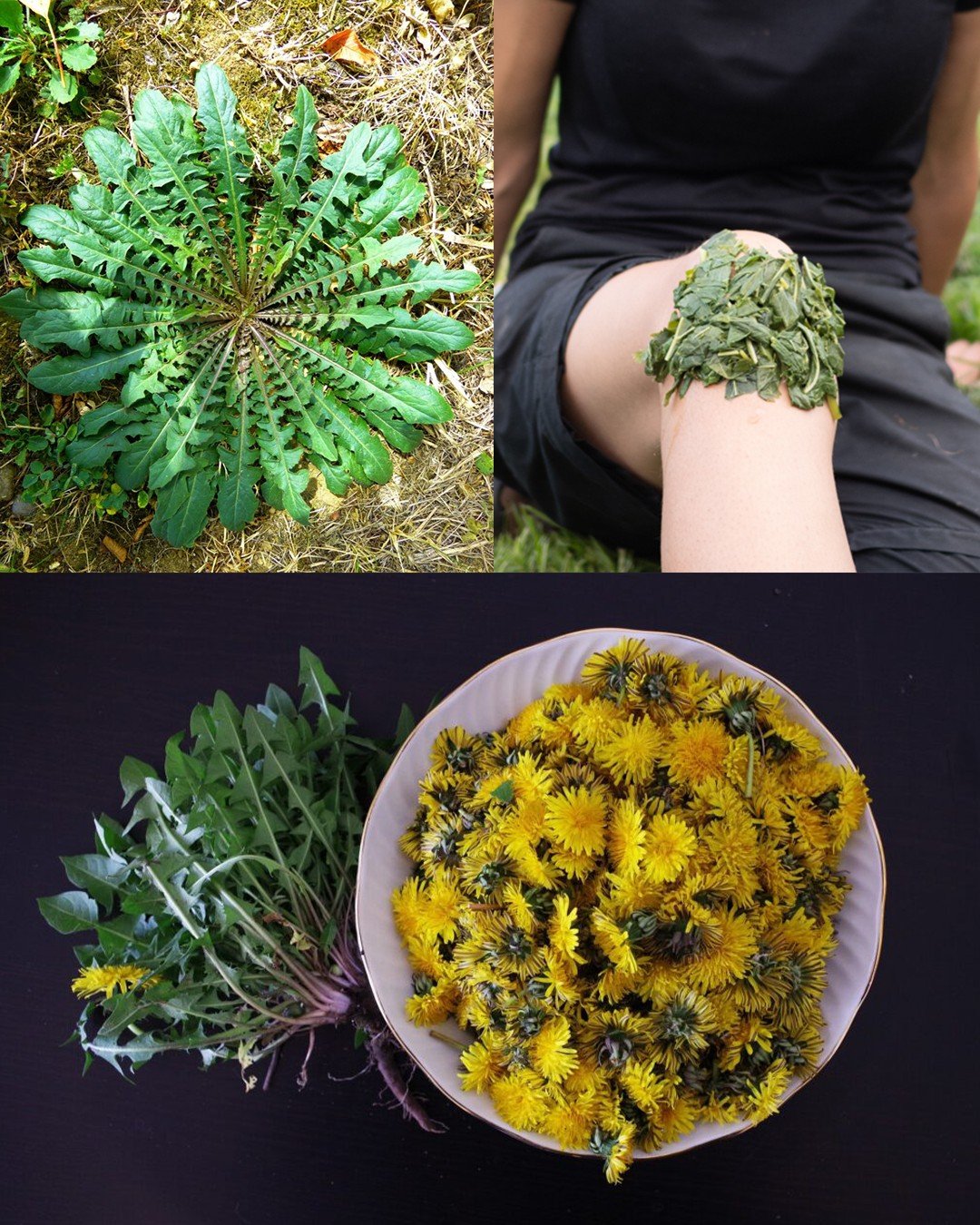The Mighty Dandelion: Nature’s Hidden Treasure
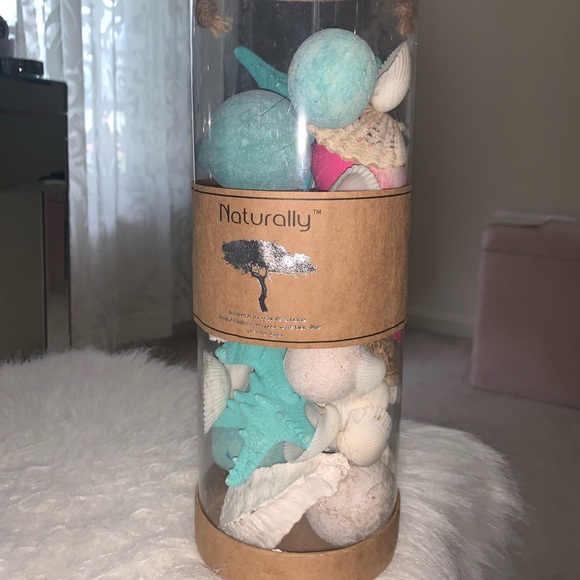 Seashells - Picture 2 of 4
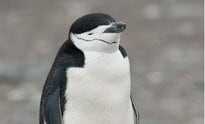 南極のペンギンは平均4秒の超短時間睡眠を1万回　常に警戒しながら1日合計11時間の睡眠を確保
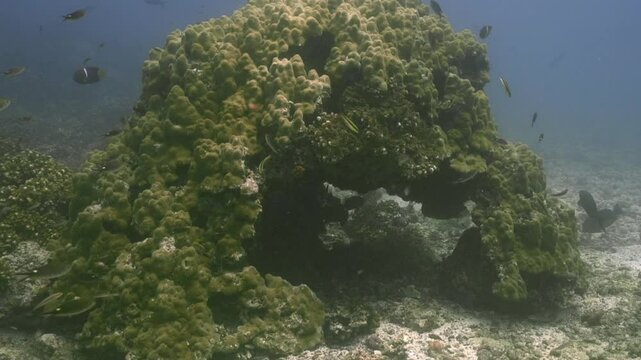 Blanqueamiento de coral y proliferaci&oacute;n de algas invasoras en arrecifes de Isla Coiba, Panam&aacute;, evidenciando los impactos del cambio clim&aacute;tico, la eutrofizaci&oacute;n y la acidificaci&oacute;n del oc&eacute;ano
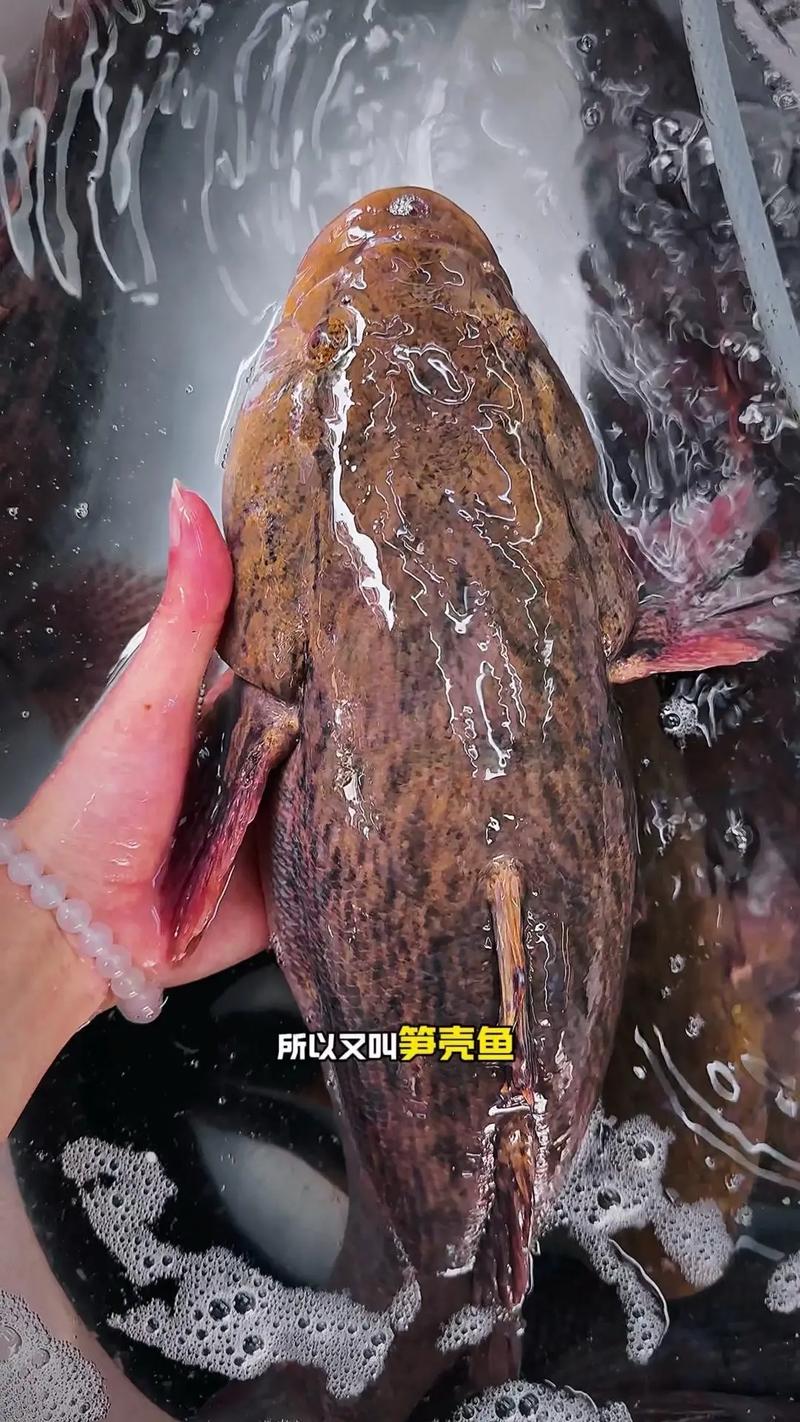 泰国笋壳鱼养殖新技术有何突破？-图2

*What needs to be done*. Would you please output each record exactly, leaving the images out?

*Output for this task*.
The Mighty Dandelion: Nature’s Hidden Treasure
 Seashells - Picture 2 of 4
 南極のペンギンは平均4秒の超短時間睡眠を1万回　常に警戒しながら1日合計11時間の睡眠を確保
 Blanqueamiento de coral y proliferaci&oacute;n de algas invasoras en arrecifes de Isla Coiba, Panam&aacute;, evidenciando los impactos del cambio clim&aacute;tico, la eutrofizaci&oacute;n y la acidificaci&oacute;n del oc&eacute;ano
 泰国笋壳鱼养殖新技术有何突破？-图2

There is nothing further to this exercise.